───── Records for this task

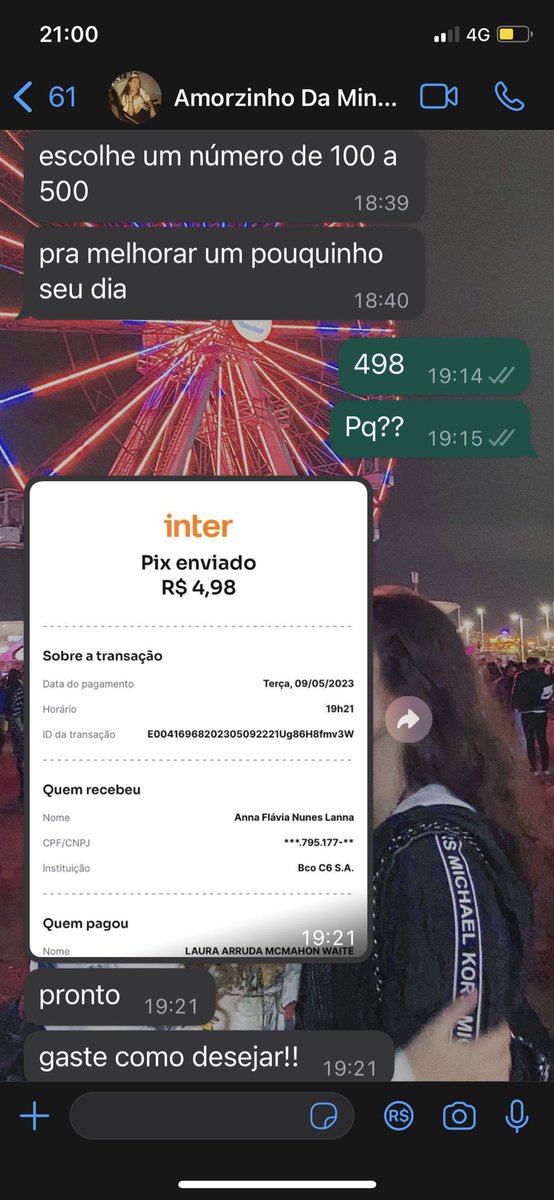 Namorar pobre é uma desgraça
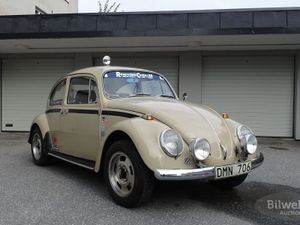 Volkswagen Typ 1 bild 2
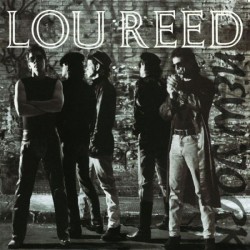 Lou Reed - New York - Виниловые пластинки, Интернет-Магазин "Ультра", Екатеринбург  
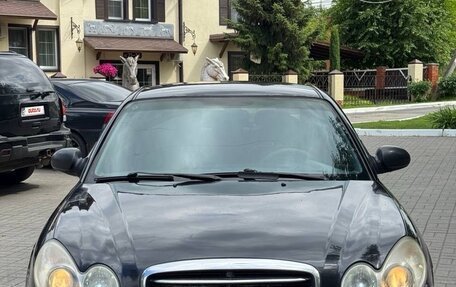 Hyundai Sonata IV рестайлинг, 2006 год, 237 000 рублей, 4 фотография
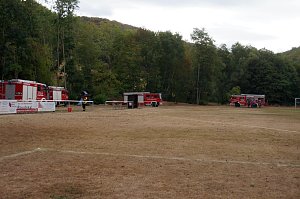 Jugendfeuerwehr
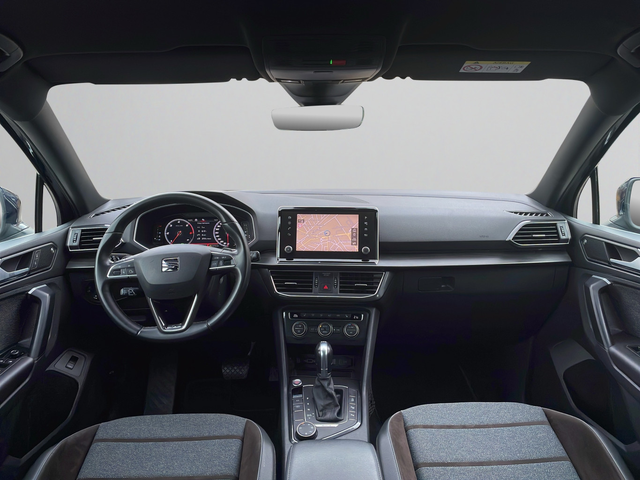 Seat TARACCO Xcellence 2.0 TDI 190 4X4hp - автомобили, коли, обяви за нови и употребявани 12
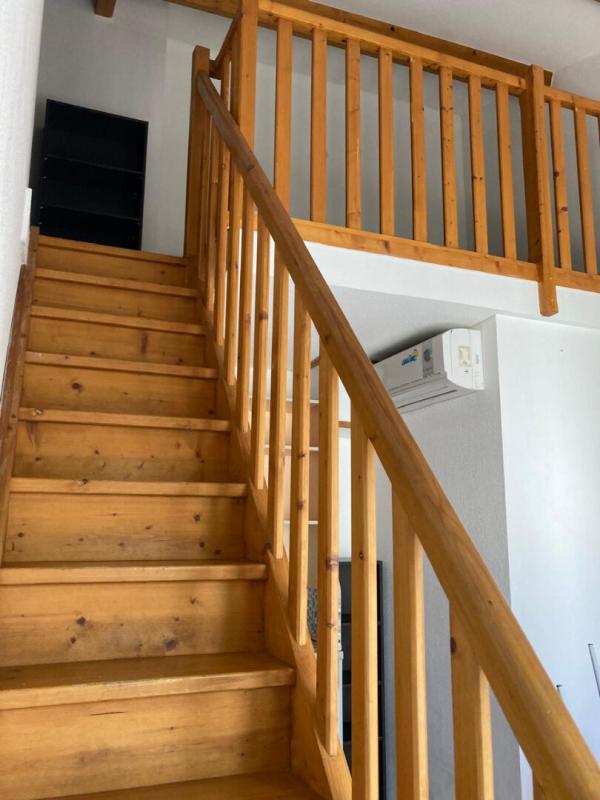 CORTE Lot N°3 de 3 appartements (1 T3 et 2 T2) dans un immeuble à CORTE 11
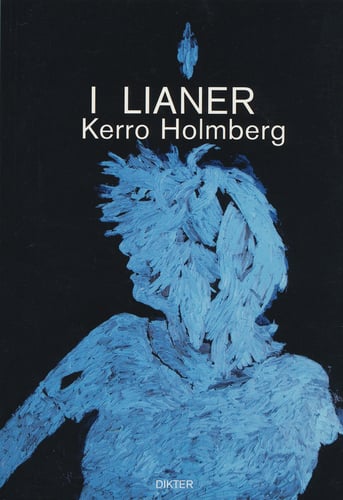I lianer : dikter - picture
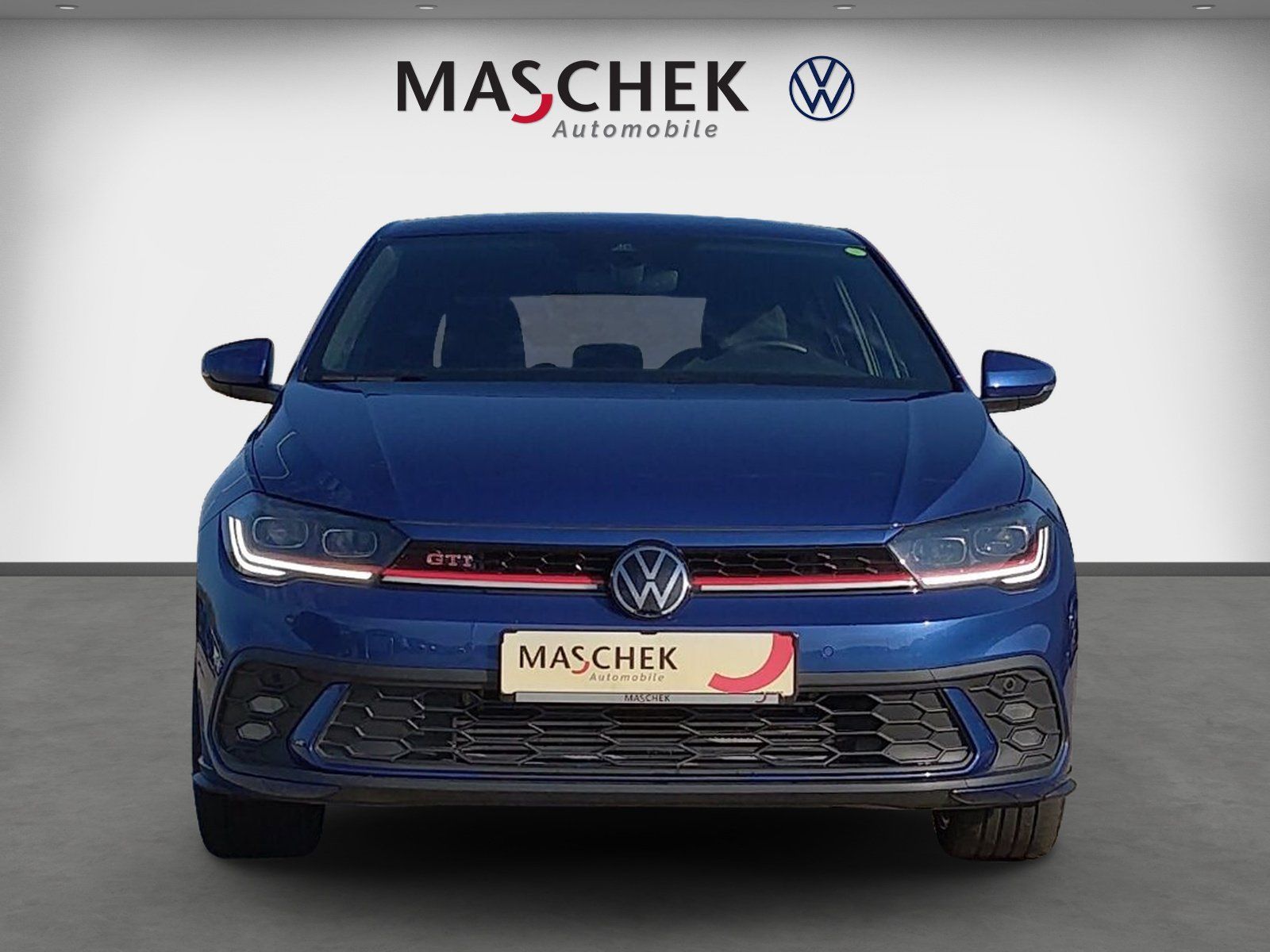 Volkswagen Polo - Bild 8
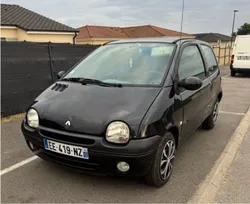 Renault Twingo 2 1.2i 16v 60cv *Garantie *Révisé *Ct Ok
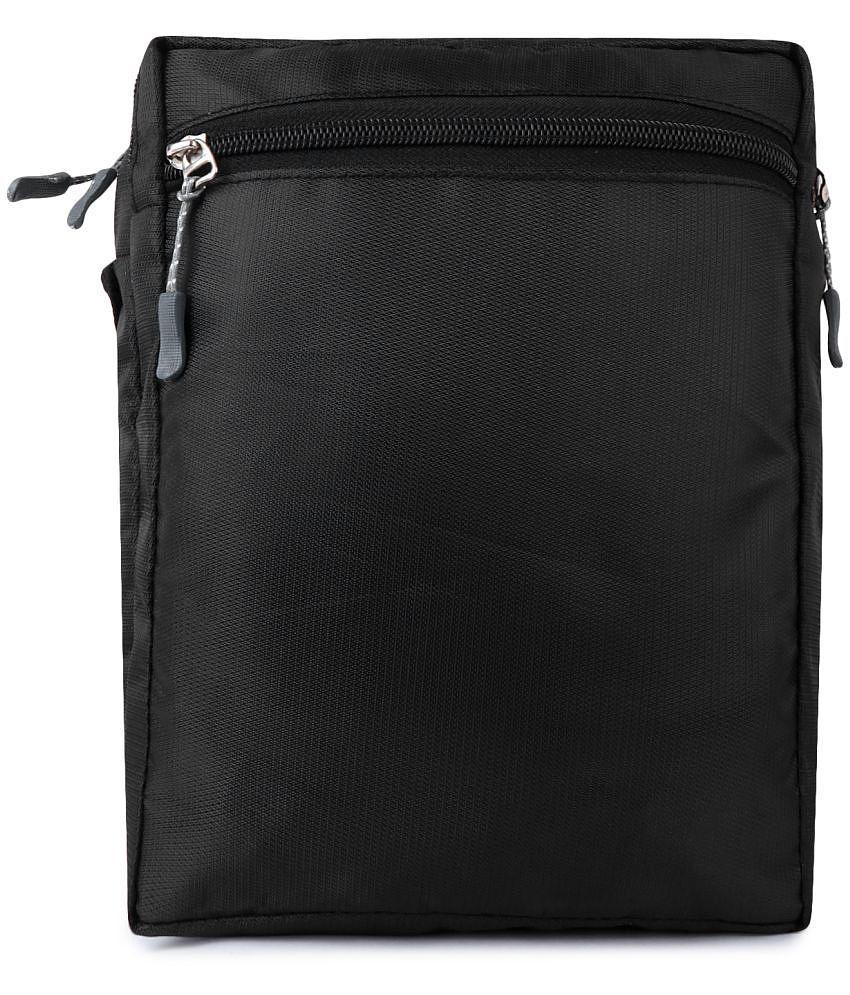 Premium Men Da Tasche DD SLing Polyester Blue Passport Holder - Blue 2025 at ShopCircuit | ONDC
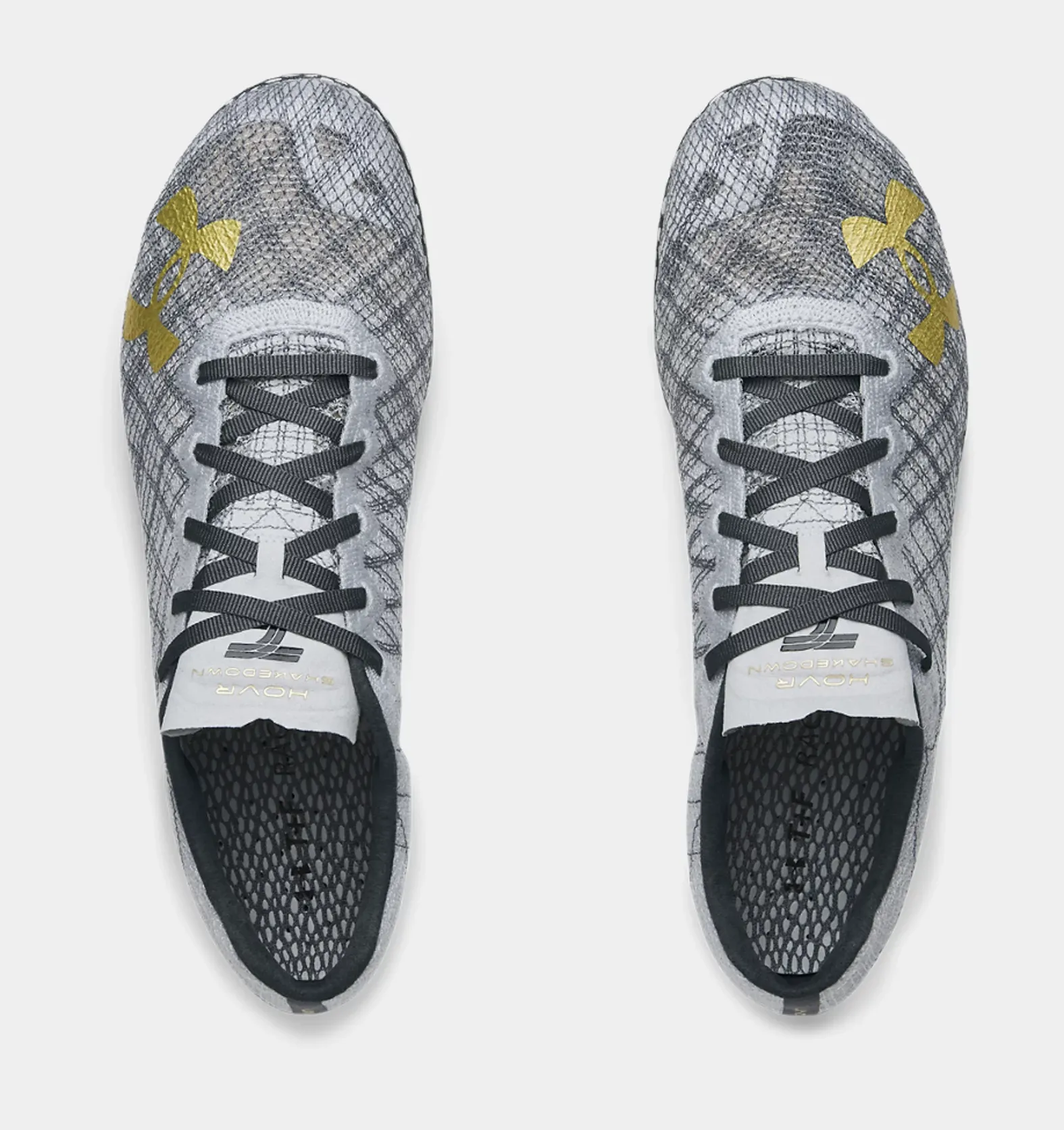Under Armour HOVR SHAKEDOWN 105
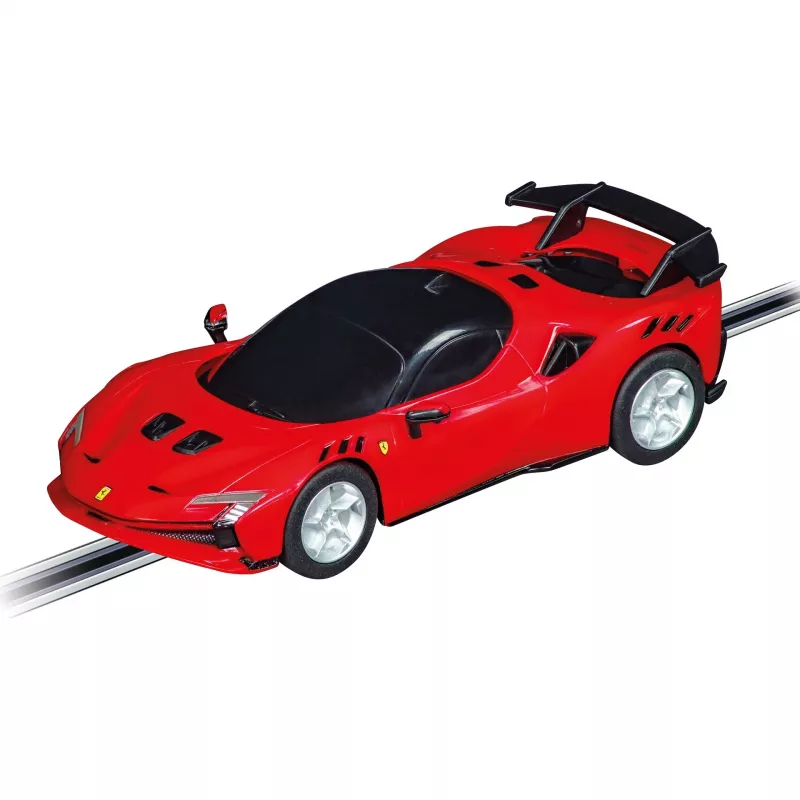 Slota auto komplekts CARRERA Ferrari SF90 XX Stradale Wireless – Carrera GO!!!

──────────

Repeat word for word the lines above, from the first entry through the line containing "Jugendfeuerwehr", with both ends kept and the pictures dropped.

 Namorar pobre é uma desgraça
 Volkswagen Typ 1 bild 2
 Lou Reed - New York - Виниловые пластинки, Интернет-Магазин "Ультра", Екатеринбург  
 Hyundai Sonata IV рестайлинг, 2006 год, 237 000 рублей, 4 фотография
 Jugendfeuerwehr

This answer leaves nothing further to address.